Bracing himself and looking away in case he needed to quickly turn tail and run, he reached out carefully with one hand and landed his fingers on the man's shoulder.
Stanley turned his head back towards the man, struggling to open his eyes, as he had a lurking feeling deep inside that the Narrator was about ready to turn on him.
…But he looked to be fine for now, right?-
"What are you doing, Stanley?"
The Narrator growled fiercely, whipping his head around, causing Stanley to flinch and nearly turn tail, but he tripped on his feet and instead found himself stumbling backwards onto the ground.
The tall, menacing figure of the Narrator loomed over Stanley like a human shadow, the flickering light from the monitors reflecting sharply off his thinly-rimmed reading glasses.
"You wanted to make me angry, well now you've done it," the shadowy figure spoke to him, his pale blue eyes glinting viciously as he stooped down to eye level with Stanley.
Stanley could just barely make out the sharp, striking outline of his shadow-framed face, his dark, coffee-colored hair streaked through with shades of gray.
"There's no way you could possibly find it in yourself to apologize to me," he growled in a quiet voice that was clearly trembling with heated emotion. "Not after all those times you've purposefully gone down the wrong path, went through the wrong door, waiting until I scream at you to do what I've asked you nicely..."
Without any second thoughts, he plucked the young man off the ground by the brim of his collar as he tried furiously to get away, narrowing his piercing blue eyes, furrowing his thoughtful brow.
"Admit it, Stanley, you're nothing without me," the Narrator snarled at him, raising his voice without worry, as Stanley's eyes widened with panic. "If it weren't for me, you wouldn't know what to do. There wouldn't be anyone to give you instructions. You'd be a lost soul looking for a way to go, but there'd be nowhere to go."

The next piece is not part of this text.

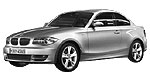 BMW E82 P2174 Fault Code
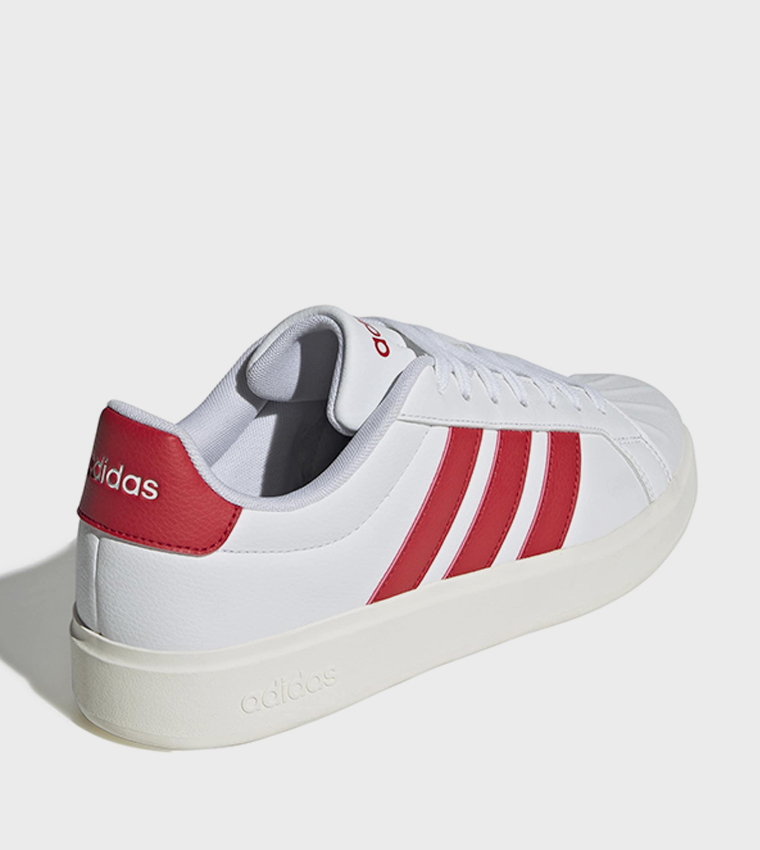 STREETTALK Lace Up Sneakers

"Face it, Stanley, I'm your only hope." His eyes glowed with untapped fury and indignation. "Without me, you'd be hopeless. Clueless. Pathetic-"
Stanley was quick to do it so as not to upset the Narrator any further, but he was able to land a brief kiss on the taller man's lips, watching as his looming, shadow-covered face began to glow bright with the hazy red color of the astonished, mortified blush on his cheeks.
Sweat running down his face and the palms of his hands, Stanley fell back towards the ground as the Narrator dropped him in a fit of shock, and the younger man clambered back on his feet and made a mad dash for the door.
As Stanley glanced behind him, he could see the older man stumbling to his feet, brushing the taste off his lips with a gentle finger.
He wondered what the Narrator was going to think of this.